The labor market is stuck in place — and that’s becoming the real risk
At first glance, the September jobs report looks steady enough: employers added 119,000 jobs, the unemployment rate nudged up to 4.4%, and nothing appears dramatically off-track. But beneath that surface-level stability lies a more complicated truth — the labor market isn’t breaking, but it is stalling, and that stagnation is quickly becoming one of the biggest threats to both employers and job seekers.
While hiring hasn’t collapsed, churn remains exceptionally low. And long-term unemployment continues to hover at troubling levels: 1.8 million people have now been unemployed for 27 weeks or more. While this number is slightly below a high recorded in August 2025, nearly one quarter of all unemployed workers have been job searching for over six months.
These numbers reflect what hiring leaders — and Bullhorn data — have been signaling for months. Decision cycles are slowing. And even when employers need talent, they’re hesitating, caught between an unpredictable economy, global policy shifts, and fundamental questions about what work looks like in the age of AI.
The squeeze on small businesses and new talent
Bullhorn’s latest Job Market Trends data reveals a shift that’s subtle but meaningful: mid-sized and large companies (200+ employees) now hold a measurably larger share of job openings than they did last year. In fact, mid-sized employers (200–599 employees) represent 16% more of total openings compared to October 2023.
Meanwhile, smaller companies — those with fewer than 200 employees — have seen their share of job openings decline. This matters because when small businesses pull back, the effects ripple through the broader labor market, potentially spreading to mid-sized and even enterprise employers.
Small businesses aren’t the only ones feeling the pressure of the stagnant labor market. Roles requiring a bachelor’s degree and one year or less of experience are down 6% year over year, according to Bullhorn data. For recent graduates already navigating a tough hiring climate, that’s one more obstacle in the path toward meaningful career momentum.

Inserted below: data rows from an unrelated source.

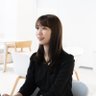 akiyama__rina's profile picture. note株式会社 総務 → NOT A HOTEL 経理と総務。趣味は舞台観劇、特に宝塚、雪組が好き。宝塚のことばかりつぶやいているかもしれません。V6やチョコミントも好き。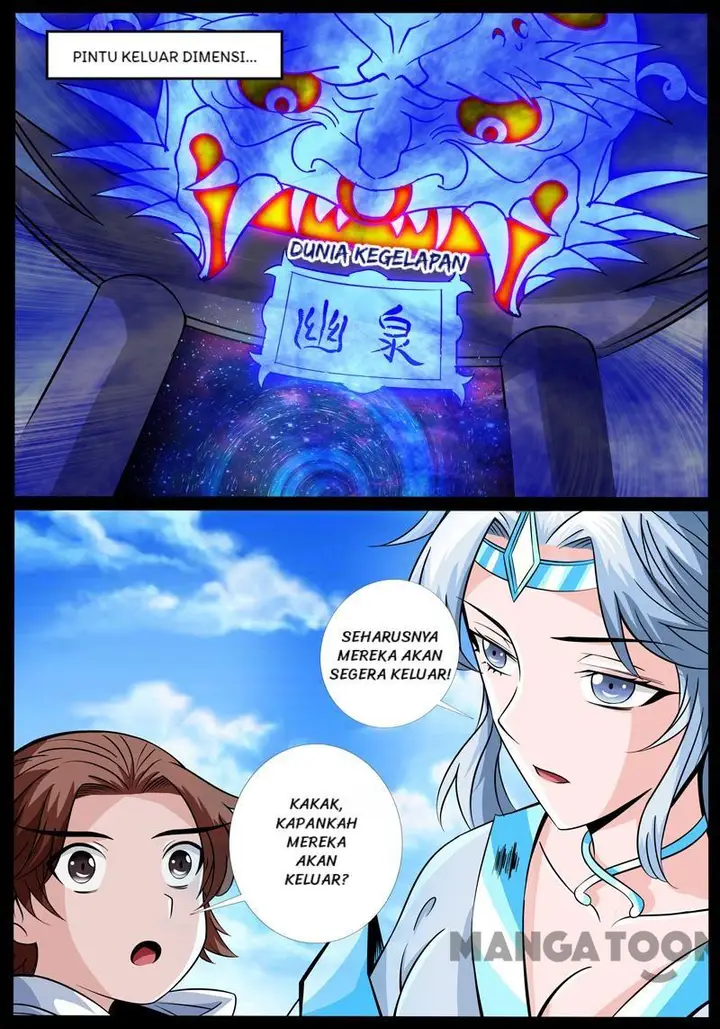 image-komik-dragon-king-of-the-world-chapter-180-0/12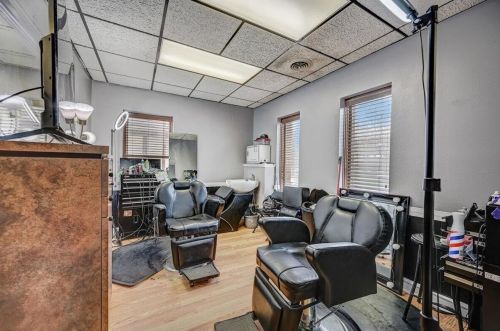 3645 91, Milwaukee WI 53225-1708 exterior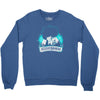 scissorhands Crewneck Sweatshirt
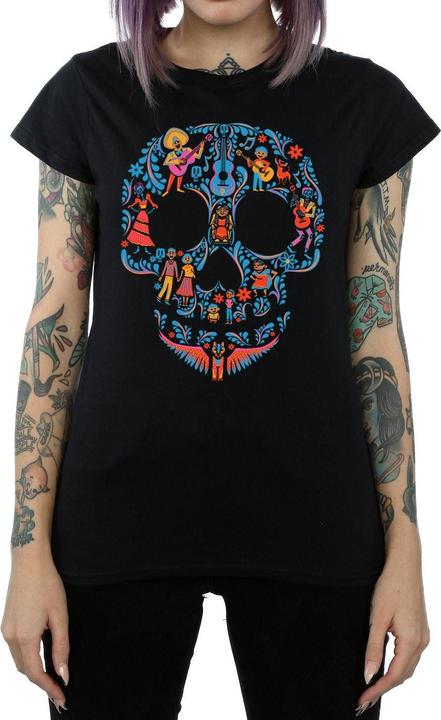 La Maison du Coco TShirt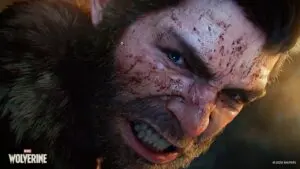 Avaliação prévia de Marvel’s Wolverine desmente boatos de desastre e exalta combate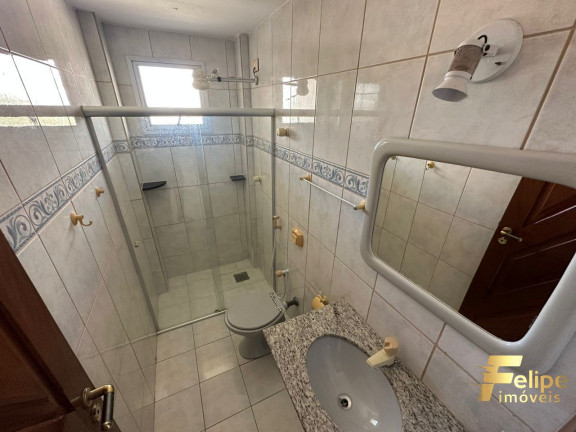 Imagem Imóvel com 3 Quartos à Venda, 137 m² em Enseada Azul - Guarapari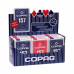 Baralho COPAG 157 SM 12X1un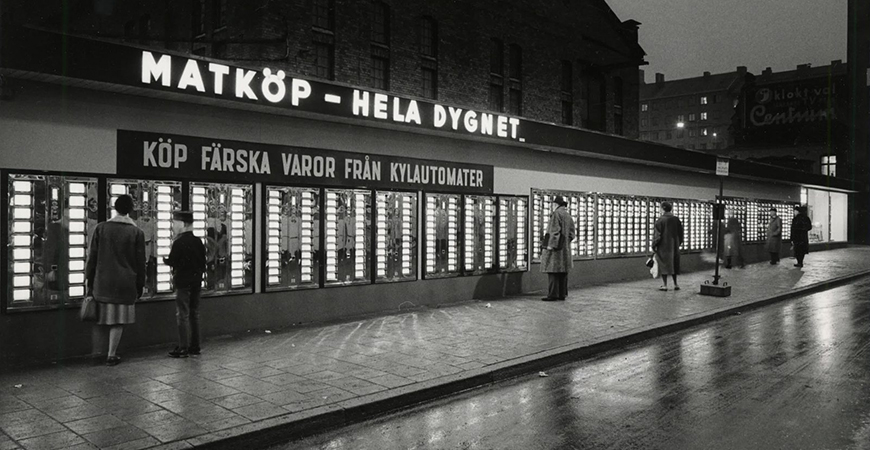 da1900-9696-ica003448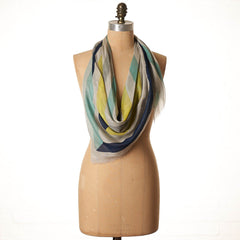 Rivieria Stripes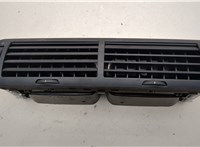  Дефлектор обдува салона Volkswagen Passat 5 1996-2000 20619694 #1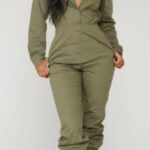 1688813806_Olive-Green-Romper-And-Jumpsuit-Outfits-For-Ladies.jpg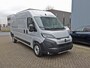 Citroën Jumper 2.2 BlueHDi 140 Automaat L3H2 3.5t Zwaar | Parkeersensoren | Achteruitrijcamera | Betimmering |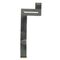 For iPhone/iPad (MACP13161007) Flex Cable Trackpad, For MacBook Pro 13 (2016); A1706 - Smartphone Flex Connectors - Smartphone - Techbox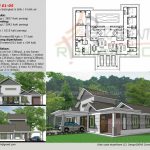 1 tingkat 4000sqf 5 1 tingkat 4000sqf 5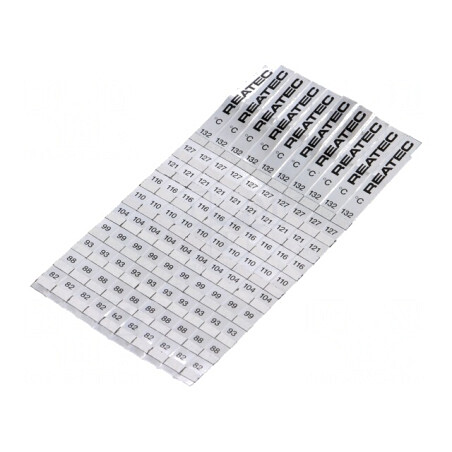 Indicator Temperatură 10 Buc 5-8°C | Electronic-mag.ro | Componente Electronice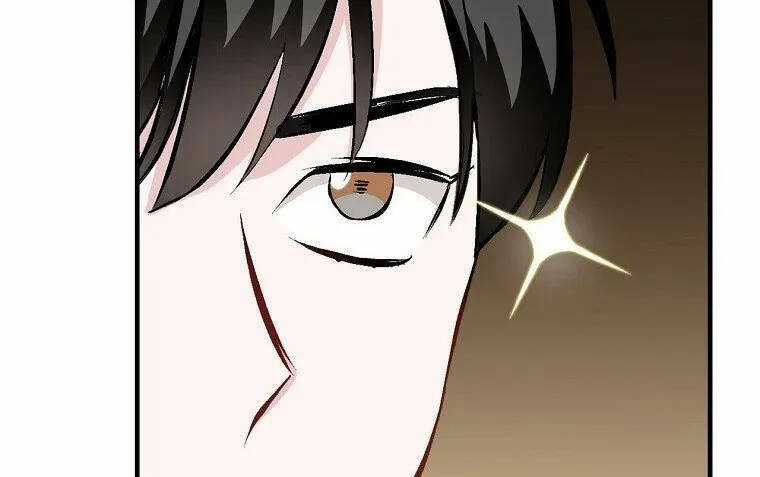 Level Up Chỉ Bằng Cách Ăn Cơm - Chapter 108 - Trang 100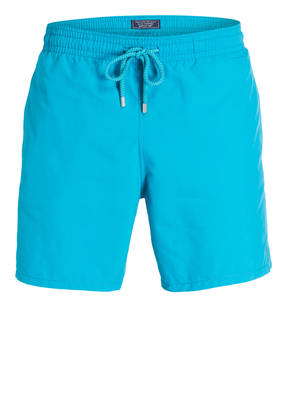 VILEBREQUIN Badeshorts MOOREA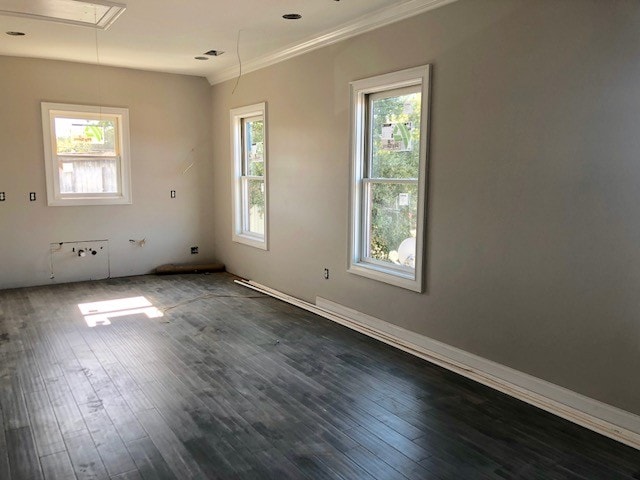 Building Photo - 411 W Duffy St
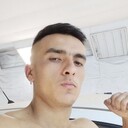 ���������� �����-���������, ���� ������� ����, 31 ���, ������������ ��� ������, ����� � ���������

A market that feels “stable” — but isn’t moving
The biggest challenge in today’s labor market isn’t volatility — it’s inertia. Instead of major swings, we’re seeing a slow-throttle environment where:
- Job openings fluctuate month-to-month, but the longer-term trajectory is flat, according to Bullhorn research.
- Transportation and warehousing swing sharply with tariff cycles, suggesting unstable demand patterns.
- Candidate pools deepen, but opportunities stagnate.
The SIA | Bullhorn Staffing Indicator reinforces the point: staffing hours have been remarkably flat for a full year, even as industries experience small peaks and dips.
Flat lines feel safe, but they can also mask drift. This is the quiet risk — a labor market that appears steady but leaves talent stuck in place, which is proven by the decreasing quit rates reported in the latest JOLTS report.
What staffing leaders should prioritize now
A flat labor market demands focus and decisive action. Here’s how leaders can position their firms to win:
- Tighten operations. Streamline workflows, audit tech stacks, and eliminate friction to convert more requisitions faster — even as clients hesitate.
- Scale communication with automation. Keep candidates informed and engaged while protecting recruiter bandwidth. Clear, consistent updates build loyalty and recurring revenue.
- Be a trusted advisor to clients. Provide insights on hiring trends, role design, and AI adoption. Firms that advise earn preference in uncertain markets.
- Invest in early career pipelines. Nurture recent grads and upskill talent now to secure the workforce you’ll need when hiring accelerates.
- Lean on data. Use industry-specific research like Bullhorn Insights to guide your team and clients, set realistic expectations, and make confident decisions.
The bottom line
Recruiters who combine responsiveness with empathy, automation with insight, and data with human connection will be the ones who unlock movement in a market that feels stuck. They’ll give candidates momentum when the market won’t. And they’ll guide employers through uncertainty with confidence rooted in clarity.